Your dog is most likely chewing for one or a combination of three reasons: boredom, teething, and not knowing any better. As nobody is home, your dog has nobody to socialize and play with, and chewing is a natural boredom fighter in dogs. They also may be teething if they’re still very young, so check their gums for blood or teeth poking through. A trick that helps with dogs I know that are teething is freezing bagels and giving them to the dog to chew on. It gives them a nice treat and helps with the pain. Since beagles aren’t very big, you might want to try half a bagel or another smaller treat. To combat the training issue, your dog should not be left loose home alone. Until you are sure your dog won’t be destructive when unsupervised, they should always be crated when you’re not home to watch them. This will not only prevent them from destroying your stuff, but keep them from doing it in a way that reinforces the behavior to them (as it does when you’re not home). If a dog chews something up and nobody stops them, even if it’s only because nobody is home, they learn that it’s fun and okay. I would absolutely advise to invest in a good crate to keep your puppy in when you’re not able to watch them. The best sized crate for training is big enough that the full-grown dog can stand up without bumping their head on the top and comfortably turn in a full circle, so you may want to go a size up from what will fit your dog now so they’ll fit as an adult. When you can’t watch your puppy, keep them outside or in their crate. If they try to chew on something they shouldn’t, take it away from them (do not tug or wave it around, this will only make them think it’s a game), tell them “no”, and quickly replace it with something they can chew on, like a toy or bone. This teaches them to go to their things when they want to chew, and also reinforces “no” in their mind as a cue to stop what they’re doing and find something else to do.

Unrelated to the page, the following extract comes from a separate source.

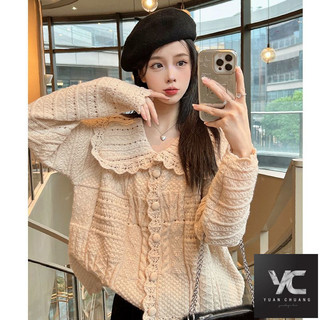  Xuân Thu Phong Cách Mới Áo Len Cổ Búp Bê Pháp Nhẹ Nhàng Thu Đông Dệt Kim Áo Len Rộng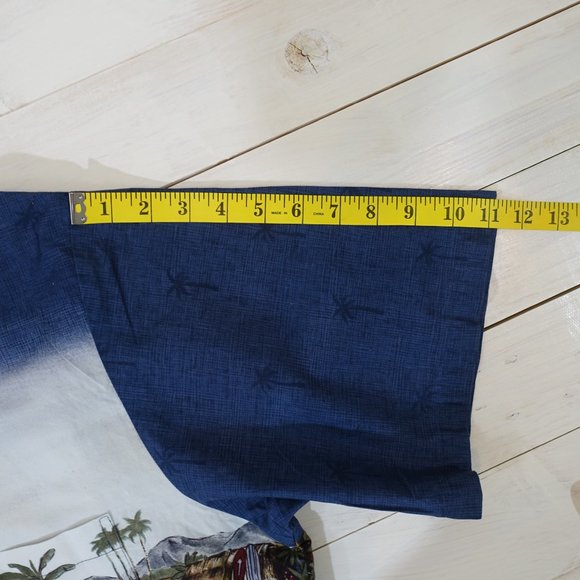 VTG RJC Hawaiian Shirt Button Up Blue Camp Shirt - Picture 9 of 10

As far as crate training your puppy, which you will need to do if you get a crate, it’s a very valuable thing for a dog to learn, because there are tons of instances where your dog may be confined to a crate for travel or in an emergency and need to be comfortable for your sake and theirs. Put in their bed or blanket so they’re comfortable and have something familiar, a shirt or towel or something that you don’t mind getting dirty that smells like you (don’t wash it beforehand, so it smells really good) so that the dog has the comfort of your scent in there with them, and plenty of things for them to do. Add a favorite toy, a bone or Kong, and a couple extra toys just so they have something to keep them busy. If possible add a water bowl. Your dog will bark and howl the first several times they’re left in the crate, and as difficult as it sounds you should not respond to them, not even to tell them “no”. Dogs will take negative attention (“no”, yelling, etc.) over no attention at all, and if they’re ignored they will learn to settle down. The good news is your dog is just a puppy still, so they’ll learn fairly quickly. When you have the time to work with them, play games with the crate like tossing treats inside for your puppy to run and get, or shutting them in for a few seconds at a time and then letting them out for tons of praise and treats. They’ll learn to love their crate. Most dogs’ problem with crates is purely because of the lack of attention, but they are built to have a small, cozy place that’s all theirs and once they get used to being crated most dogs love having their little “den”. Many will even choose to sleep in it over anywhere else in the house once they’re trained.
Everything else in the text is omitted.